Genelde ilkelci, çevreci ve yeşiller bilinenin aksine bütün mal ve hizmetlerin doğalını, yani kıtlığını ama bir tek “paranın” sonsuz olmasını ister. Nüfus artışı insanlığın kaderi değildir ama özgürlüğüdür. Bu tercih, insanların evrimsel bir sürecinden bize miras kalmıştır. Mirası reddedebileceğimiz gibi, ona sahip de çıkabiliriz. Nüfus artışı demek boğaz artışı, güvenebilecek yuva ve geleceğe umutla bakmanın azgın artışı demektir. Bunu karşılamanın yegâne yolu sermayenin marjinal verimliliğini arttırmaktır.

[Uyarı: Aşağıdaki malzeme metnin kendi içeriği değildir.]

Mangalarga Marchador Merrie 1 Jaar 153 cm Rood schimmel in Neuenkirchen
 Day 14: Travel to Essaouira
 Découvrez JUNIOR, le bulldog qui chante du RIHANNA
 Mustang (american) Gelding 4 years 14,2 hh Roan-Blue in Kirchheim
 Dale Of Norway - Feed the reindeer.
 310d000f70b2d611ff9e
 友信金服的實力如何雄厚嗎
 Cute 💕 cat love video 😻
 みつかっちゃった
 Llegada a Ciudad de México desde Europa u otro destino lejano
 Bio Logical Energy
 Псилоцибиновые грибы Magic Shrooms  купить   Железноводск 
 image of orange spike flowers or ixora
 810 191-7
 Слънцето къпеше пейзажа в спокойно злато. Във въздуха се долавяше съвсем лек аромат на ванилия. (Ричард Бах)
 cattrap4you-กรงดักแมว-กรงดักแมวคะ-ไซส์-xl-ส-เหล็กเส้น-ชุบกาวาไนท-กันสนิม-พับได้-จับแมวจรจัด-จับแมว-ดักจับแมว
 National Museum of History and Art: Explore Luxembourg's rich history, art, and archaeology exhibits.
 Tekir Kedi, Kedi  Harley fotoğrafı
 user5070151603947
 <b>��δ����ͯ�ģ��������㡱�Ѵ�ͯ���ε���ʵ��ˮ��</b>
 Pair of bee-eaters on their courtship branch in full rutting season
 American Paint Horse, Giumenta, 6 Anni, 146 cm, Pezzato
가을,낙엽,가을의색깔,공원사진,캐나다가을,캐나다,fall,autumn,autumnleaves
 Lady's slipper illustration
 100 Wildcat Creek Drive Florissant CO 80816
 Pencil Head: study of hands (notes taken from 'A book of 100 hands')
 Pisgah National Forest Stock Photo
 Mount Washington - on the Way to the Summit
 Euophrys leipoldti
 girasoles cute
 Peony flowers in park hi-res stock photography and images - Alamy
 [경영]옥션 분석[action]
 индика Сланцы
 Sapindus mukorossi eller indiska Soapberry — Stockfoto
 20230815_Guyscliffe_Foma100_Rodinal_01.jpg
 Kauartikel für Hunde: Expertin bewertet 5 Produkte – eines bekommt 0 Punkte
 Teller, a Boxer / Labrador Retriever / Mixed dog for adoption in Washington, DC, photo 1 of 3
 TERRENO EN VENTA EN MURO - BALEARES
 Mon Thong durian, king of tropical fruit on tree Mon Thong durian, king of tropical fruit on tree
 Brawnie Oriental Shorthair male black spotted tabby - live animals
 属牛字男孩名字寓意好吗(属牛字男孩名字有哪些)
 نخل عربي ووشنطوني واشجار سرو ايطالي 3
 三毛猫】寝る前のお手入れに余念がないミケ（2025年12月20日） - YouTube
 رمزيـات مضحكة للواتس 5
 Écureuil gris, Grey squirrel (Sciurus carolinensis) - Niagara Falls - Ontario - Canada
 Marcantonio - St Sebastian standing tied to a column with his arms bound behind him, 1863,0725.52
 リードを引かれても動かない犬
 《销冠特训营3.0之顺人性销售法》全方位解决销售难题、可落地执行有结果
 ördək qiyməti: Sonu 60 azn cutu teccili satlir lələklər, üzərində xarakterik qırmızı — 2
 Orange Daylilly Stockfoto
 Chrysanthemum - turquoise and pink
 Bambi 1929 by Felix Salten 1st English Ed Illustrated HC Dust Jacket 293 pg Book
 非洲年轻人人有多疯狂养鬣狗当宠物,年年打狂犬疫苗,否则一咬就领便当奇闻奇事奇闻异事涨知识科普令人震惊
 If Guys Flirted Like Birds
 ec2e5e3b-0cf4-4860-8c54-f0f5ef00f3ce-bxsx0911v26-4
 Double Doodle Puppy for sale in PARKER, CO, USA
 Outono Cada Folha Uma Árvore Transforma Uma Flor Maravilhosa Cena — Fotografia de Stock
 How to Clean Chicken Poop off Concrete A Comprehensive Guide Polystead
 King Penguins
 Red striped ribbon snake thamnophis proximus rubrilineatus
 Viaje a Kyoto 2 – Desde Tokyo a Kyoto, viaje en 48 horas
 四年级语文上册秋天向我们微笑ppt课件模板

Ama nasıl? Doğaya sürekli müdahale ederek yani Yapay’a (teknolojiye) olan ihtiyacımızı sürekli kılmak ve onu elde etmenin maliyetini azaltmak... Doğayı, kıtlığı ve açlığı yenmenin yegâne yolu suniyi keşfetmek, yaratmak ve çoğaltmaktır. Öyle ki yapay olan şeylere ihtiyacımız sürekli olurken bolluğuna ise muhtacız. Bu kadar, bu böyle!
Oysaki %100 Altın Standardı, bunun tam tersi bir mantık... Mal ve hizmetler için ne kadar yapay bolluğa ihtiyaç varsa para için de o kadar kıt ve doğaya ihtiyacımız var. İşte bütün mesele bu!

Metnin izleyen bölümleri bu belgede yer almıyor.